Former Facebook President Sean Parker just launched his own foundation.

Net worth: $US2.8 billion

Age: 35

Parker, who also founded Napster, recently announced a gift of $US600 million to start the Parker Foundation, which will focus on funding programs in three main categories: life sciences, global public health, and civic engagement.

Parker recently pledged $US24 million to develop the Sean N. Parker Center for Allergy Research at Stanford.

In 2014, he launched a civic engagement startup called Brigade Media.

In the summer of 2013, he spent some $US4.5 million to transform a campsite in Big Sur, California, into a magical forest paradise for his wedding to Alexandra Lenas. Parker faced heavy criticism after the wedding, because the preparation required installing temporary structures in an ecologically sensitive area, and he failed to obtain the proper permits from the California Coastal Commission.

The controversy ended with a $US2.5 million settlement with the commission.

COO Sheryl Sandberg was the first woman on Facebook's board.

Net worth: $US1.12 billion

Age: 45

'Lean In,' Sandberg's book about women in the workplace, became a bestseller. She's now telling men and women to 'Lean In Together' and recently launched a campaign for gender equality with the NBA and WNBA.

Sandberg's husband, SurveyMonkey CEO David Goldberg, died unexpectedly in May of 2015. He was 47.

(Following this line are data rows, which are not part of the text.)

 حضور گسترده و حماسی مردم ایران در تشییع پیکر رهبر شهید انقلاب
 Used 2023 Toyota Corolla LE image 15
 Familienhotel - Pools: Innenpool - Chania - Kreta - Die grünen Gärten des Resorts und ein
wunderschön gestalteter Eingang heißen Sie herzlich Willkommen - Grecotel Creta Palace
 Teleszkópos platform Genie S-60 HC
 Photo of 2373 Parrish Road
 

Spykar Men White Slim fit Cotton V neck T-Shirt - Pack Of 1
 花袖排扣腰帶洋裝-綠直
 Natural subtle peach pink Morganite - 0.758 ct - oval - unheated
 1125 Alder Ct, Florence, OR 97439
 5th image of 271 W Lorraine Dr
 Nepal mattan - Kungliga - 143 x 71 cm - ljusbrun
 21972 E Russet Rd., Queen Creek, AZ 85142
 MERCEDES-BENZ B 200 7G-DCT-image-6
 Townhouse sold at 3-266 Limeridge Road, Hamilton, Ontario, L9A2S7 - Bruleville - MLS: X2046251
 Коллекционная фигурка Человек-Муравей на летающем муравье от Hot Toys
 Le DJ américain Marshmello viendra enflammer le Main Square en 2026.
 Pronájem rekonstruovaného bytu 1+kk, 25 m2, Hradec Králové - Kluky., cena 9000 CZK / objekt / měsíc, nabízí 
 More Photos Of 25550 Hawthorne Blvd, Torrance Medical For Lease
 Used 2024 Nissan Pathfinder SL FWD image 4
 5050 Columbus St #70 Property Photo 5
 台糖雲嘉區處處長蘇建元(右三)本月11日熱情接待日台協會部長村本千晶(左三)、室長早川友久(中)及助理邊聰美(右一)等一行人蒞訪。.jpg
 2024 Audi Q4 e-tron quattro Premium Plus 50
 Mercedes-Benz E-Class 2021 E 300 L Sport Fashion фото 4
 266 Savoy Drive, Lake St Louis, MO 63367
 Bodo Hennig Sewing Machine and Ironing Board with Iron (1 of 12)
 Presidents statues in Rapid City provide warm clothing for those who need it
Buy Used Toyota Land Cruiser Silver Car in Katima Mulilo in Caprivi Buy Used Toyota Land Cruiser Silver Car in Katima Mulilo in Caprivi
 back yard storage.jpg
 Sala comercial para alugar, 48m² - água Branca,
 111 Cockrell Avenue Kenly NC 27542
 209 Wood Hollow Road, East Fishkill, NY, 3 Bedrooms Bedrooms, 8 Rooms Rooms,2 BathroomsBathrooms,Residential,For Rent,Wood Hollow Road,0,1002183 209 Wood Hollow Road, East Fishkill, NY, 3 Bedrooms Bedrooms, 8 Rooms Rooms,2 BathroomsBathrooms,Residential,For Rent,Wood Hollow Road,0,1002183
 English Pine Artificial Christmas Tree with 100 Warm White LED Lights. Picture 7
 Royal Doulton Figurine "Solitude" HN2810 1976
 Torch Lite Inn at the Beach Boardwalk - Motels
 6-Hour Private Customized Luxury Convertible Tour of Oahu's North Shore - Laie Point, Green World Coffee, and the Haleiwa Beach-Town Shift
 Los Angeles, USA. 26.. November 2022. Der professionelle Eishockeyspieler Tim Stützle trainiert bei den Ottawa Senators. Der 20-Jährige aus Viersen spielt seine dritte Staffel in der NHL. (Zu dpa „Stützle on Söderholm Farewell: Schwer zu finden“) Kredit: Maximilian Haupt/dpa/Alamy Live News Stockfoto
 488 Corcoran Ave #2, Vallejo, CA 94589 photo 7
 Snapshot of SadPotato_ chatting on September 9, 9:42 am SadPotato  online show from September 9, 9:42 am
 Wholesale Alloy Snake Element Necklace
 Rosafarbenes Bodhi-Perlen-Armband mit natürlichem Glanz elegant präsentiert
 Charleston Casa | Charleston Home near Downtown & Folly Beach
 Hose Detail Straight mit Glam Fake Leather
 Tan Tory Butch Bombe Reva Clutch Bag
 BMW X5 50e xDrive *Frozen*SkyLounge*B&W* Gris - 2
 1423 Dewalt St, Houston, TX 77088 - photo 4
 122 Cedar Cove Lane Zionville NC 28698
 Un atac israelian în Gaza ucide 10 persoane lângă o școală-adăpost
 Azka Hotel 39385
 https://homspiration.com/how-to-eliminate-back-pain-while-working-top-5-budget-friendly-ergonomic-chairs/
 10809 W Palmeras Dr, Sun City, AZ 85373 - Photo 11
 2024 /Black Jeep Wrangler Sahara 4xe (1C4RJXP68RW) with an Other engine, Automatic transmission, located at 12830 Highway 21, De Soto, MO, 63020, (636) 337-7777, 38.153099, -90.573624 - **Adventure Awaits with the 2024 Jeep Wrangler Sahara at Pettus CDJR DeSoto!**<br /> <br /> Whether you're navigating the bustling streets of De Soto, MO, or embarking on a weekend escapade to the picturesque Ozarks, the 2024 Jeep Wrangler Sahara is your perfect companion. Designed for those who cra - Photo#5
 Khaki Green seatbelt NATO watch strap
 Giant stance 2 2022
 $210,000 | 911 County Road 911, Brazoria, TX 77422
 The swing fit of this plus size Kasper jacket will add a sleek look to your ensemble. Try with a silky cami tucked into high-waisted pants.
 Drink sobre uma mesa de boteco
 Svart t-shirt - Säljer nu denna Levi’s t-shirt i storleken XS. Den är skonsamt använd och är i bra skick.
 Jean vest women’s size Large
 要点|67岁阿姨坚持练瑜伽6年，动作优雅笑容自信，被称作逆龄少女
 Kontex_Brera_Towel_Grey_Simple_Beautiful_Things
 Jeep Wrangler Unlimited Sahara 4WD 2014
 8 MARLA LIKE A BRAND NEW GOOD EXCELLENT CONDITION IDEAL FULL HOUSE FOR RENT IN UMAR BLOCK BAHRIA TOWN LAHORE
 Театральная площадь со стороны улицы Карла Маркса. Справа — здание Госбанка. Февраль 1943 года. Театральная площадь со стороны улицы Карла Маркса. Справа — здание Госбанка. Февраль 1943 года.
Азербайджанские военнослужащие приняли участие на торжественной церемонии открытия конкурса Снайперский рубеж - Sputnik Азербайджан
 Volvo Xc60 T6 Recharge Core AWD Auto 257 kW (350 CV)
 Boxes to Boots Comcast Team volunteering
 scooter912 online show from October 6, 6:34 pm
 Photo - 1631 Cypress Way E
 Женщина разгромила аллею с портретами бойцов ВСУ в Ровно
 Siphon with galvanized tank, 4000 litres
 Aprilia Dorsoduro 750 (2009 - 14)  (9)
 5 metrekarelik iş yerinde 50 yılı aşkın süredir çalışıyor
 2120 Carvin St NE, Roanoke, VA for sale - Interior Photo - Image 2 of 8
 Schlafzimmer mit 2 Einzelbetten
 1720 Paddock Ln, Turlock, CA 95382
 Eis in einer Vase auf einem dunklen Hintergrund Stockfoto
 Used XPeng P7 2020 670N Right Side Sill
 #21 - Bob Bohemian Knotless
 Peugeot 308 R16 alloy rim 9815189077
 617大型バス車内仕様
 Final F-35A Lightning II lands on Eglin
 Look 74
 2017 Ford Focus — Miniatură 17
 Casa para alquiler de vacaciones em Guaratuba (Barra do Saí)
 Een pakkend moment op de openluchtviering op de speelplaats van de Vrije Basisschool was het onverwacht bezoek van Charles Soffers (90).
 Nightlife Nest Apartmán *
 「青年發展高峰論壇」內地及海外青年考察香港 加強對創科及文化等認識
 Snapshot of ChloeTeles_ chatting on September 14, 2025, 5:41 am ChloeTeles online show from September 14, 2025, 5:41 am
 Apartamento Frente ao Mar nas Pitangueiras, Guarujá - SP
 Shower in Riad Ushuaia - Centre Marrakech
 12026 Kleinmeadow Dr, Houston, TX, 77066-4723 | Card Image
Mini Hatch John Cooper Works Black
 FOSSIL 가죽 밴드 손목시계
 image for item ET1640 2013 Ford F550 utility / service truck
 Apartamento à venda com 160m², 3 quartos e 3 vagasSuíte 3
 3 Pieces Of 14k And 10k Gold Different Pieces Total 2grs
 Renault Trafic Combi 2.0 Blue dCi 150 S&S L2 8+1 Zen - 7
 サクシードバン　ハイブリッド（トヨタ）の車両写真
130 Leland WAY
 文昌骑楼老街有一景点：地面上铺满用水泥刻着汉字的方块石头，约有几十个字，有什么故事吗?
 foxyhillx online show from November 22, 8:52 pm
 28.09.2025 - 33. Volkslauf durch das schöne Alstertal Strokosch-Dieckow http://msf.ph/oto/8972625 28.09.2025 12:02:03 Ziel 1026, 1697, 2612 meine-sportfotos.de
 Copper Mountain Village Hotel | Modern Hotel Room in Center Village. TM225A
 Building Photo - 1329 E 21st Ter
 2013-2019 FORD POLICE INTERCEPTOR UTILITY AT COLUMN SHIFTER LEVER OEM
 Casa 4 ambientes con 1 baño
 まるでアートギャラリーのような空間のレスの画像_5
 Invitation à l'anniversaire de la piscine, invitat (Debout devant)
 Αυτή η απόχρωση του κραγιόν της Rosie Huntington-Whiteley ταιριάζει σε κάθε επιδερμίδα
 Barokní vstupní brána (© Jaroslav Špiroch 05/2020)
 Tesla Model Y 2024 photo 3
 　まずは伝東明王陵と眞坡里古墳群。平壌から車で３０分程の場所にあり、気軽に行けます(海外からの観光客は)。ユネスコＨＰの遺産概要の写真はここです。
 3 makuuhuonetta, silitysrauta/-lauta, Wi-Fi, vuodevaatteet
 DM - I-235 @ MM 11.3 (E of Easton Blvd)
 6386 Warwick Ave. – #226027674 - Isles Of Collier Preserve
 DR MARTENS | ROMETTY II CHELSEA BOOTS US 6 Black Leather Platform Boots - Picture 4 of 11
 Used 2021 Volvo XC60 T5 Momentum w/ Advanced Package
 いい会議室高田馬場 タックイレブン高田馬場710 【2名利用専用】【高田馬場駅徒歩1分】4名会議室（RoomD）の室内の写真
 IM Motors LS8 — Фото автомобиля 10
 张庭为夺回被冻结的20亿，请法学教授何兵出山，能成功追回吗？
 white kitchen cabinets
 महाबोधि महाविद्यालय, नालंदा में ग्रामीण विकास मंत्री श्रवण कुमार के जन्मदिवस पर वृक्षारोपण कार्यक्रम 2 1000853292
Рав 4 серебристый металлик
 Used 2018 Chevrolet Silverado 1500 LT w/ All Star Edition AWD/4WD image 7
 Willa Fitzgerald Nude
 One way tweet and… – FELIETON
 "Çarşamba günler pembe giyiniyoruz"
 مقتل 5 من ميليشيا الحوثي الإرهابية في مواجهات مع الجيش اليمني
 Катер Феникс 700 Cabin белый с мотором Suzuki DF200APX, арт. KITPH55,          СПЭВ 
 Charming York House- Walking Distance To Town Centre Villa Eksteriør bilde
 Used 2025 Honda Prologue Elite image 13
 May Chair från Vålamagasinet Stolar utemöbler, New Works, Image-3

In July, the New York Times reported that Sandberg would be joining SurveyMonkey's board.

Early Facebook investor Yuri Milner has shifted his attention to Chinese startups.

Net worth: $US3.3 billion

Age: 53

Milner's Digital Sky Technologies invested $US200 million in Facebook in 2009. The firm also took a huge stake in Alibaba in 2011, three years before the Chinese company's record-breaking IPO, and has invested in Xiaomi, Twitter, Airbnb, and Spotify.

Digital Sky Technologies sold all of its Facebook and Twitter shares in 2013 and 2014.

In 2011, Milner bought a 30,000-square-foot mansion in Los Altos Hills for a whopping $US100 million.

Early investor Peter Thiel still sits on Facebook's board.

Net worth: $US2.2 billion

Age: 47

Thiel was Facebook's first major investor, joining the social network when it was still a tiny operation in 2006. Thiel sold most of his stake in Facebook in August 2012, shortly after the company's IPO. His pay-out was said to be worth just more than $US1 billion.

Through his venture capital firm, Founders Fund, Thiel has made investments in startups like Airbnb, SpaceX, Spotify, and Stripe.

In 2011, Thiel set up a fellowship program that gives $US100,000 to entrepreneurial college students to drop out of school and start their own companies.

Cofounder and CEO Mark Zuckerberg continues to lead the social network.

Net worth: $US38.6 billion

Age: 31

Most recently, Zuckerberg has led acquisitions of mobile messaging app WhatsApp, which has 700 million global users, and Oculus VR, whose virtual reality headset is currently under development with an expected launch in Q1 2016.

Zuckerberg and wife Priscilla Chan have been busy -- in October 2014, they paid more than $US100 million for a 700-acre property on the north shore of Kauai while simultaneously working on a renovation of their San Francisco home and fighting a law suit relating to their Palo Alto home.

In February 2015, they donated $US75 million to a new trauma center for San Francisco General Hospital, which will be renamed in their honour.